Lorsque ce type d’homme atteint un certain niveau d’exaspération et de préparation technique, le pire est à craindre. Le programme a été gravé en eux par la propagande: tuer du mécréant, du juif, du policier. La Toile est remplie de ces exhortations formulées avec plus ou moins de prudence sémantique. C’est ce qu’on appelle le djihad personnel, le sixième pilier de la foi musulmane selon certaines interprétations salafistes remises au goût du jour par le Frère musulman égyptien Saïd Qotb ou l’ayatollah Khomeini. Pas étonnant que le parquet fédéral ait fait le rapprochement avec Mohamed Merah, le responsable des attentats de mars 2012, dans le Sud-Ouest de la France.

L’arsenal saisi à Anderlecht, au domicile du Franco-Algérien, était assez extraordinaire.
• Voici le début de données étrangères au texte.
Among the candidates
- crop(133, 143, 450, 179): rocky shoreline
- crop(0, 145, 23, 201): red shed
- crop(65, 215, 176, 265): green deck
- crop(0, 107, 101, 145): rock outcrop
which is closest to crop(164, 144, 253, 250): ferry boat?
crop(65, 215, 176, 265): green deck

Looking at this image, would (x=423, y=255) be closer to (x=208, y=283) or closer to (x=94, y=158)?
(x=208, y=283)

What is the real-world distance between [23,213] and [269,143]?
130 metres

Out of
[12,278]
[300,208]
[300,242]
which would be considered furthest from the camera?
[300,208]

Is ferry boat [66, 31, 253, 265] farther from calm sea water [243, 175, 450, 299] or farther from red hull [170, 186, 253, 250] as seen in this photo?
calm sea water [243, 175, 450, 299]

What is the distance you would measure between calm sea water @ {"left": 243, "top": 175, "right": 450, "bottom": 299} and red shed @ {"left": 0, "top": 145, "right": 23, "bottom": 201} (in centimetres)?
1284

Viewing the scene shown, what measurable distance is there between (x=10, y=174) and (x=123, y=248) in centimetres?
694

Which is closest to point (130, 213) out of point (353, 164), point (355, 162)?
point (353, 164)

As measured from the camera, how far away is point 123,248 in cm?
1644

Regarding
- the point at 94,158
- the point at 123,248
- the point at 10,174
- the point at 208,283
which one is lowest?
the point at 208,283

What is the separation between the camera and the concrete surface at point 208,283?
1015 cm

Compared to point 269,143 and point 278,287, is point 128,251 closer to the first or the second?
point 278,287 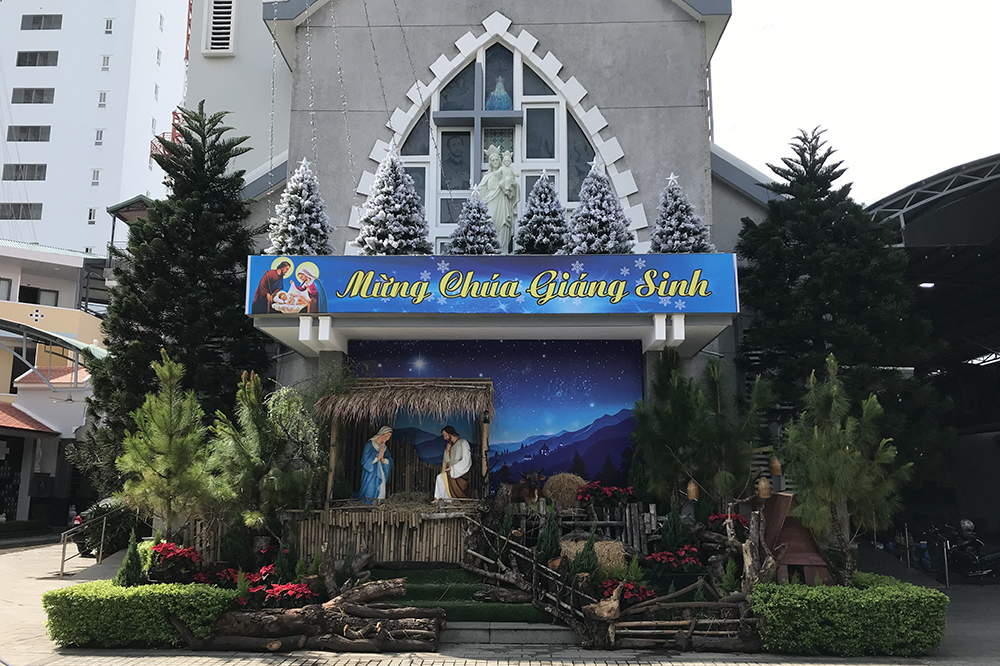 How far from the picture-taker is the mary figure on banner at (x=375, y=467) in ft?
49.1

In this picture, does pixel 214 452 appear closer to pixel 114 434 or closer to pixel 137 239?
pixel 114 434

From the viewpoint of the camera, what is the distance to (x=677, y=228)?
1521 centimetres

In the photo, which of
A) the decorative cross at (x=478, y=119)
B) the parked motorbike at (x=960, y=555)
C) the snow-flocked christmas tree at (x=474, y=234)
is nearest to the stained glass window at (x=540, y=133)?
the decorative cross at (x=478, y=119)

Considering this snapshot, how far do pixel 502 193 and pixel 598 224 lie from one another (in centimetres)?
276

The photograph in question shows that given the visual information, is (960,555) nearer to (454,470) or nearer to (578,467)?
(578,467)

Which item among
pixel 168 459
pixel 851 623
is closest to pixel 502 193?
pixel 168 459

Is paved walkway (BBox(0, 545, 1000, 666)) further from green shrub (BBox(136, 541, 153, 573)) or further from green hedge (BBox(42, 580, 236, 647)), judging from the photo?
green shrub (BBox(136, 541, 153, 573))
Il lui aurait permis de vendre chèrement sa peau en cas d’assaut policier. Il reste maintenant à tracer tout ce matériel militaire, voir comment l’individu est entré en sa possession, avec quelles complicités, quel entrainement. D’où tenait-il son argent, le nerf de la guerre ? Braquages, collectes, financement étranger… Des sommes importantes peuvent être réunies et attribuées – par qui ?- aux futurs « martyrs » de la cause. L’homme ne vivait pas, avec sa compagne, dans une bulle sous vide, même si ses voisins retiennent l’homme baraqué et néanmoins gentil qui allait chercher des bonbons pour leur gamin à l’épicerie du coin.
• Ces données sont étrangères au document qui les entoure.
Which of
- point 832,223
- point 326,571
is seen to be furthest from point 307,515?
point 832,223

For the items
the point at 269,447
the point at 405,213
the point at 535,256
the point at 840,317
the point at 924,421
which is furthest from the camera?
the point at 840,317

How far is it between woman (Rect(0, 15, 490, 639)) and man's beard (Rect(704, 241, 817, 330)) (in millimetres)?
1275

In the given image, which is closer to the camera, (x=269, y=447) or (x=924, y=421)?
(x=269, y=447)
Tout son entourage a déjà été passé au crible. La Direction centrale du renseignement intérieur français ainsi que la police judiciaire fédérale belge le surveillaient, la DCRI depuis 2008, et connaissaient sa dangerosité. C’est ainsi qu’il a pu être arrêté et tué, lors d’un contre-tir de défense, sur l’autoroute A8 (Lille-Tournai-Bruxelles), à la veille, semble-t-il, de commettre un acte grave. Lequel ? On en saura sans doute plus dans les prochains jours. Dans ce cas-ci, il faut se féliciter de la bonne coopération entre les services français, qui ont donné l’alerte, et les policiers belges qui ont tenu le suspect à l’oeil et sont intervenus sans provoquer de victimes collatérales, sous la responsabilité d’une équipe de magistrats.

Et après ? Le risque que se lèvent d’autres Hakim Benladghem n’est pas nul. Sa mort en « martyr » risque de donner des idées à quelques-uns, qui mettent leur délinquance au service de buts politico-religieux censés plus nobles. La pertinence de l’activité des services de police et de renseignement a été démontrée à suffisance. Reste à attendre de la société qu’elle développe suffisamment d’anticorps pour repérer, signaler et désamorcer le radicalisme et l’extrémisme en son sein avant qu’ils se transforment en terrorisme.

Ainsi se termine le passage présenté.